There were Amerindians on Barbados for upwards of a thousand years. The first Europeans to find the island were the Portuguese, who named it ‘Os Barbados’ after the Bearded Fig trees which grew on the beaches, and left behind some wild pigs.
These bred successfully and provided meat for the first English settlers, who arrived in 1627 and found an island which was otherwise uninhabited. It is not clear why the Amerindians abandoned the island, although several theories exist. King Charles I gave the Earl of Carlisle permission to colonize the island and it was his appointed Governor, Henry Hawley, who in 1639 founded the House of Assembly. Within a few years, there were upwards of 40,000 white settlers, mostly small farmers, and equivalent in number to about 1% of the total population of England at this period. After the ‘sugar revolution’ of the 1650s most of the white population left. For the rest of the colonial period sugar was king, and the island was dominated by a small group of whites who owned the estates, the ‘plantocracy’. The majority of the population today is descended from African slaves who were brought in to work on the plantations; but there is a substantial mixed-race population, and there has always been a small number of poor whites, particularly in the east part of the island. Many of these are descended from 100 prisoners transported in 1686 after the failed Monmouth rebellion and Judge Jeffrey’s ‘Bloody Assizes’.

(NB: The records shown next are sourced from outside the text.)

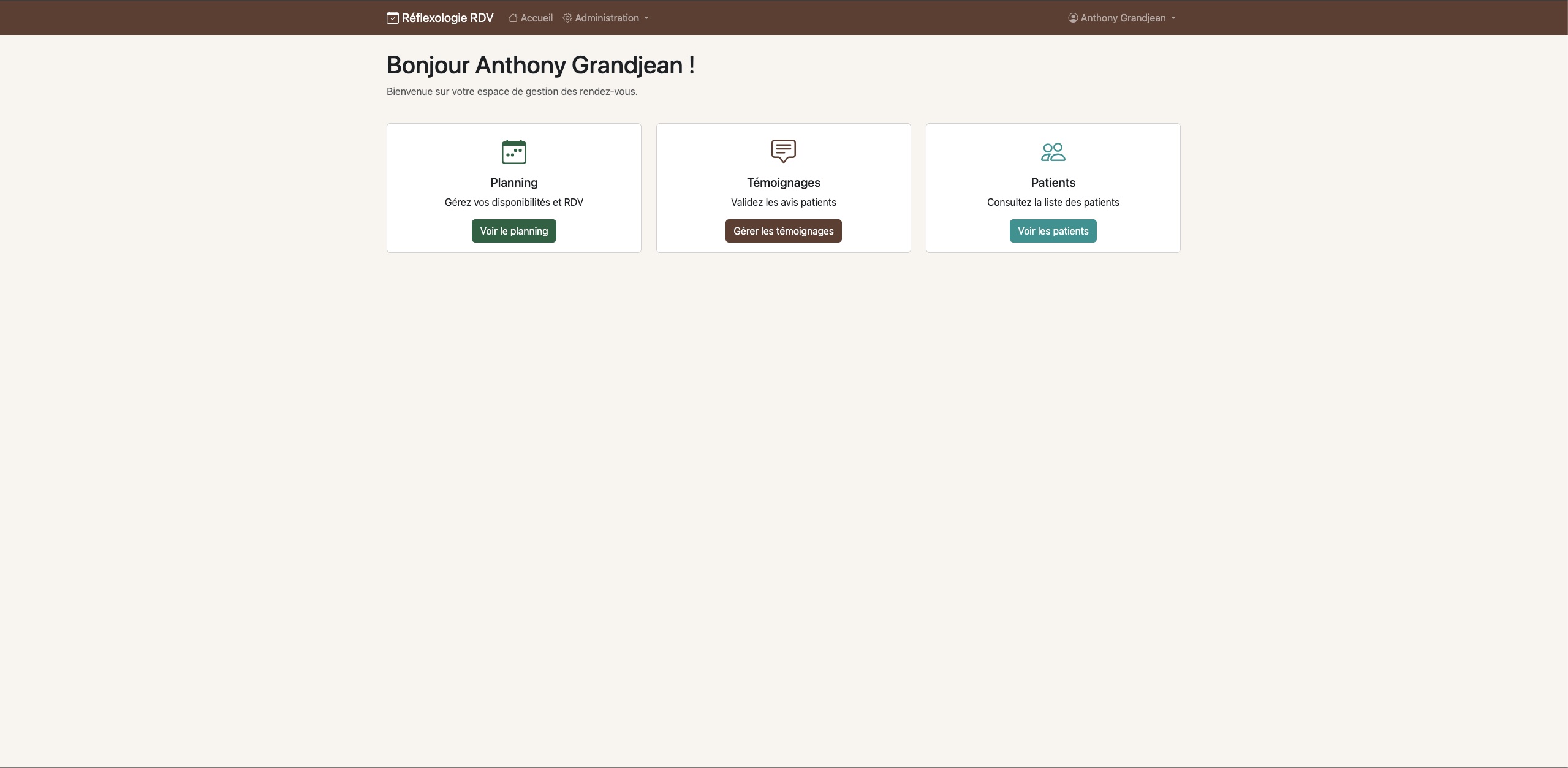 Dashboard admin
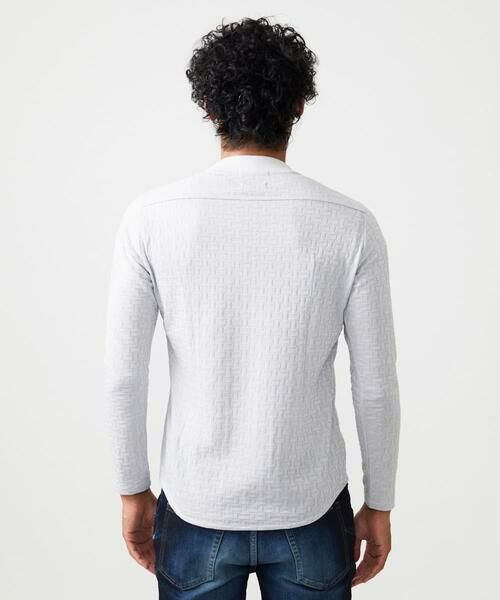 MICHEL KLEIN HOMME / ミッシェルクランオム カットソー | 《日本製》レンガ柄Vネック長袖カットソー | 詳細5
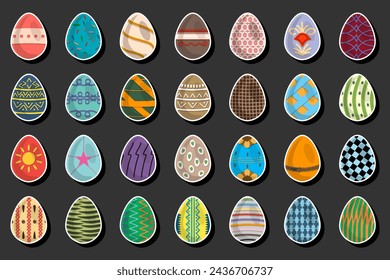 Illustration on theme celebration holiday Easter with hunt colorful bright eggs, set consisting of hunt different Easter eggs, set hunt beautiful Easter eggs are main accessory at abstract background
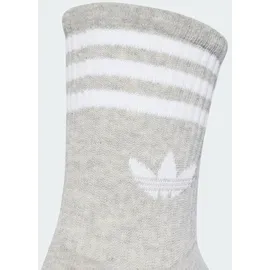 adidas 3er Pack 3-Streifen Crew Socken Grau/Schwarz/Weiß 37-39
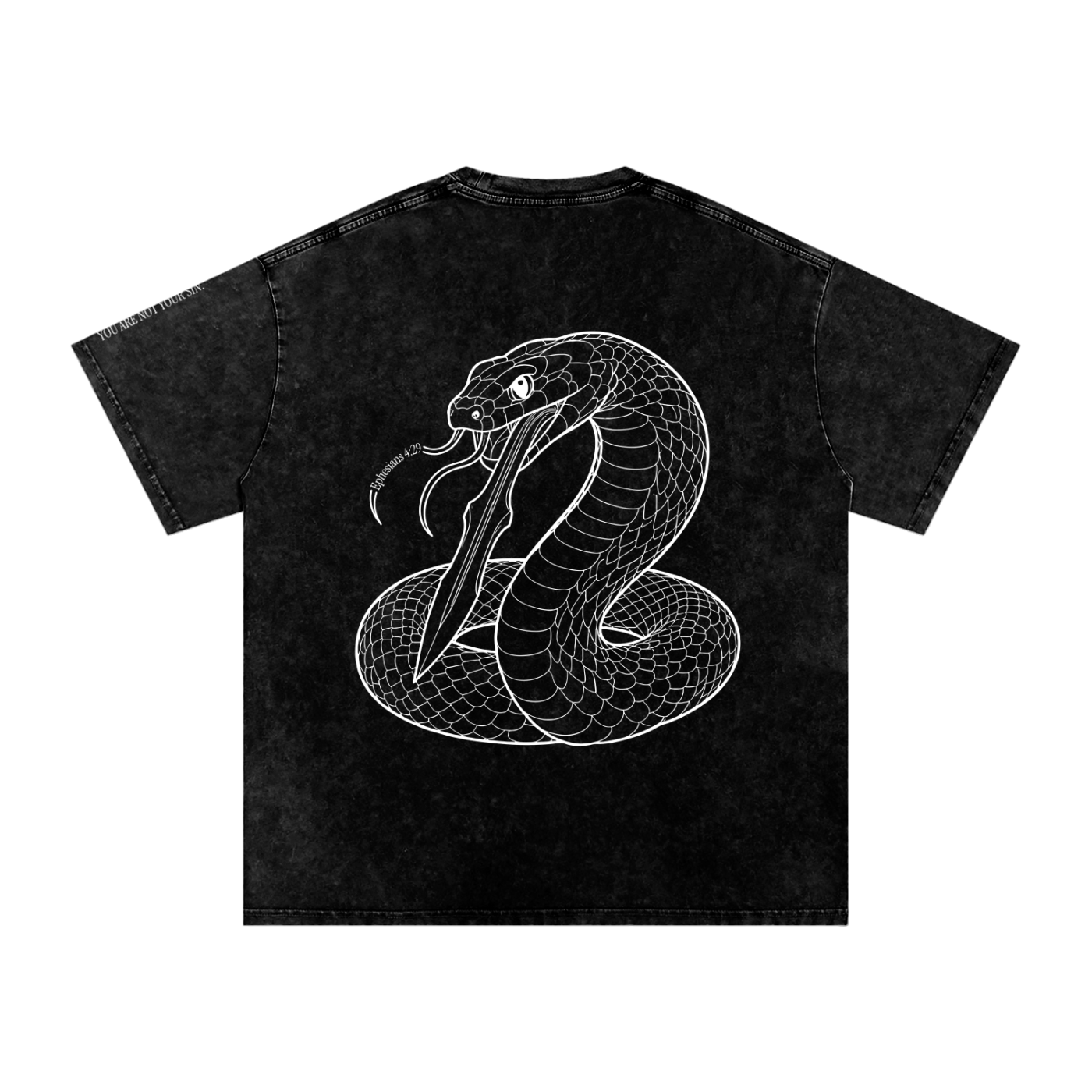 Snow Washed Oversized Cotton T-Shirt: Sins of the Tongue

The two principal political parties are the Barbados Labour Party (BLP) and the Democratic Labour Party (DLP). A third party is the National Democratic Party (NDP), but it is no longer very active. The Democratic Labour Party held office in 1986-94. Economic difficulties in the 1990s eroded support for the government. The Prime Minister Erskine Sandiford narrowly lost a vote of confidence in June 1994, and stood aside for his Finance Minister David Thompson, who led the party into a general election on 6 September. The BLP won the elections with 19 seats, compared with eight for the DLP and one for the NDP. Mr Owen Arthur, then 44, an economist, became Prime Minister and took on the portfolios of Finance and Economic Affairs. In the January 1999 general elections, the BLP was returned with an overwhelming vote of confidence. It won 26 of the 28 seats, while the DLP won the other two. The NDM did not contest the elections.